I wish I could report that this requirement is also rigorously implemented by the laws that quantum theory imposes on the multiverse. I expect it is, but this is hard to prove because it is hard to express the desired property in the current language of theoretical physics. What mathematical formula distinguishes ‘knowledge’ or ‘adaptation’ from worthless information? What physical attributes distinguish a ‘creative’ process from a non-creative one? Although we cannot yet answer these questions, I do not think that the situation is hopeless. Remember the conclusions of Chapter 8, about the significance of life, and of knowledge, in the multiverse. I pointed out there (for reasons quite unconnected with time travel) that knowledge creation and biological evolution are physically significant processes. And one of the reasons was that those processes, and only those, have a particular effect on parallel universes — namely to create trans-universe structure by making them become alike. When, one day, we understand the details of this effect, we may be able to define knowledge, adaptation, creativity and evolution in terms of the convergence of universes.

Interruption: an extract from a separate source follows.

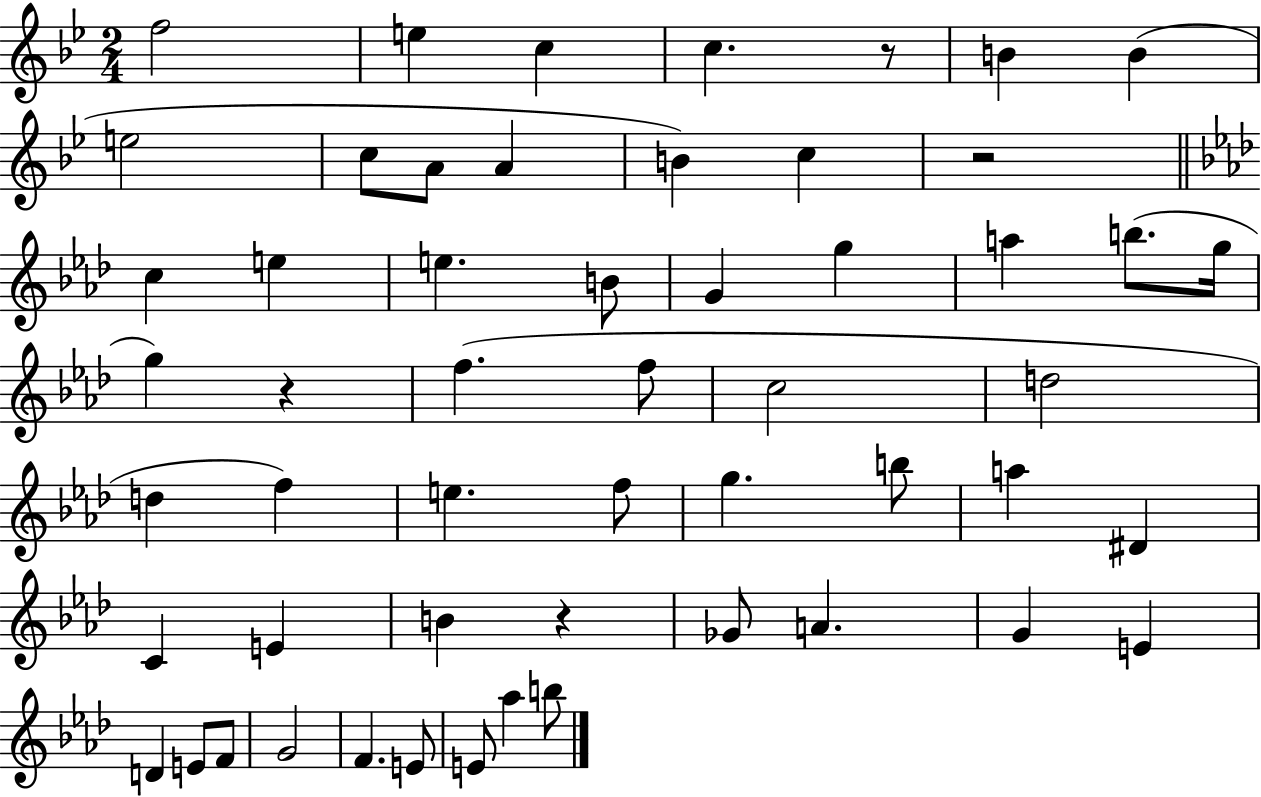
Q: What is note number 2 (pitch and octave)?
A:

When I ‘enact a paradox’, there are eventually two copies of me in one universe and none in the other. It is a general rule that after time travel has taken place the total number of copies of me, counted across all universes, is unchanged. Similarly, the usual conservation laws for mass, energy and other physical quantities continue to hold for the multiverse as a whole, though not necessarily in any one universe. However, there is no conservation law for knowledge. Possession of a time machine would allow us access to knowledge from an entirely new source, namely the creativity of minds in other universes. They could also receive knowledge from us, so one can loosely speak of a ‘trade’ in knowledge — and indeed a trade in artefacts embodying knowledge — across many universes. But one cannot take that analogy too literally. The multiverse will never be a free-trade area because the laws of quantum mechanics impose drastic restrictions on which snapshots can be connected to which others. For one thing, two universes first become connected only at a moment when they are identical: becoming connected makes them begin to diverge. It is only when those differences have accumulated, and new knowledge has been created in one universe and sent back in time to the other, that we could receive knowledge that does not already exist in our universe.